NY市場は、ドラギ総裁発言でユーロが急伸した。ECB理事会では市場予想を上回る規模の追加緩和となりユーロが急落した。ただ、ドラギECB総裁の「追加利下げは見込まない」との会見での一言に市場は敏感に反応しユーロは急反転している。ユーロドルは1.08台前半まで下げてたが、一転して買われ1.12台まで一時上昇と400ポイント近く急伸した。一方、ドル円はユーロドルの上昇でドル安の格好となったことから売りが強まった。見切り売りも出て112円台半ばまで一時下落。

(11日)
東京市場は、前日のECB理事会をめぐる激しい値動きは一服。ドル円は113円を挟んでの上下動から113円台半ばへと反発。ユーロ円は126円台で、序盤に前日高値を更新と堅調な動きが継続。ユーロドルも1.12付近での高止まりに。前日は欧州株は大幅安となったが、米株は序盤の下げを戻した。
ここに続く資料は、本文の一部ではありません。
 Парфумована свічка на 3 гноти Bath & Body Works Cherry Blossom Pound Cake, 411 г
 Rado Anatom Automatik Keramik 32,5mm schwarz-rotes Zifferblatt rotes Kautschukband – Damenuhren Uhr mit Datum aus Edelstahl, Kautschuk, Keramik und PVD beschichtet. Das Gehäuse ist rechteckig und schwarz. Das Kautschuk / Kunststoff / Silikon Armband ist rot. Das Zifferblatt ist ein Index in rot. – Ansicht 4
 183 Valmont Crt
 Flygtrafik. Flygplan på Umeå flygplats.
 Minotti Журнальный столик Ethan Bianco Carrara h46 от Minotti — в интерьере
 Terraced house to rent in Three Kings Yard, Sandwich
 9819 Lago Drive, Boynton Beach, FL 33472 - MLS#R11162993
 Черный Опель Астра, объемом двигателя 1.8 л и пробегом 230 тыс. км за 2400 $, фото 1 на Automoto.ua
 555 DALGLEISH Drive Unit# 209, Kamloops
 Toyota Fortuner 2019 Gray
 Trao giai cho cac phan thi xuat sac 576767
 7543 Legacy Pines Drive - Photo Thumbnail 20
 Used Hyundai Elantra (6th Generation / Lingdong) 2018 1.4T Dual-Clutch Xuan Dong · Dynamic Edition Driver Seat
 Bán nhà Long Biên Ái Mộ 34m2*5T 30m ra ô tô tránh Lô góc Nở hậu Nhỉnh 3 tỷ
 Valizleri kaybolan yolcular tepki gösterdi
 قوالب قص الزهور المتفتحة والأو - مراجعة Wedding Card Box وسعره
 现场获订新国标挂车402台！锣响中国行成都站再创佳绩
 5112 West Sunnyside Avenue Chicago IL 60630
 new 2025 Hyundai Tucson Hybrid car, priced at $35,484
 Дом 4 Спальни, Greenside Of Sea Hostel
きょうは日経平均や上海株が軟調にスタートしたが、次第に買い戻された。原油先物は堅調。
ロンドン市場は円売りが優勢だった。本日の人民元中心レートは大幅引き上げだったこともありアジア株や欧州株は上昇しており、リスク選好的に外貨買い/円売りが入った。ドル円は113.92近辺と東京早朝から1円以上の上昇、ユーロ円は126.96近辺と2月18日以来の高値を付けた。
NY市場は円安の動きが優勢。中国が人民元の中心レートの大幅引き上げや、国際エネルギー機関(IEA)が、原油相場が底打ちした可能性を指摘していたことで原油の買戻しが強まっていることが支援した。米株も上昇。ドル円は113円台での底堅い動きとなった。東京時間に財務省と内閣府が発表した1~3月期の法人企業景気予測調査では大企業の景況判断が3四半期ぶりにマイナスとなったが、日銀の更なる緩和拡大や、日本政府による景気対策なおへの期待感も、円売りに繋がっていたものと思われる。ポンド円も一時164円台に上昇し、来週の動きが注目される。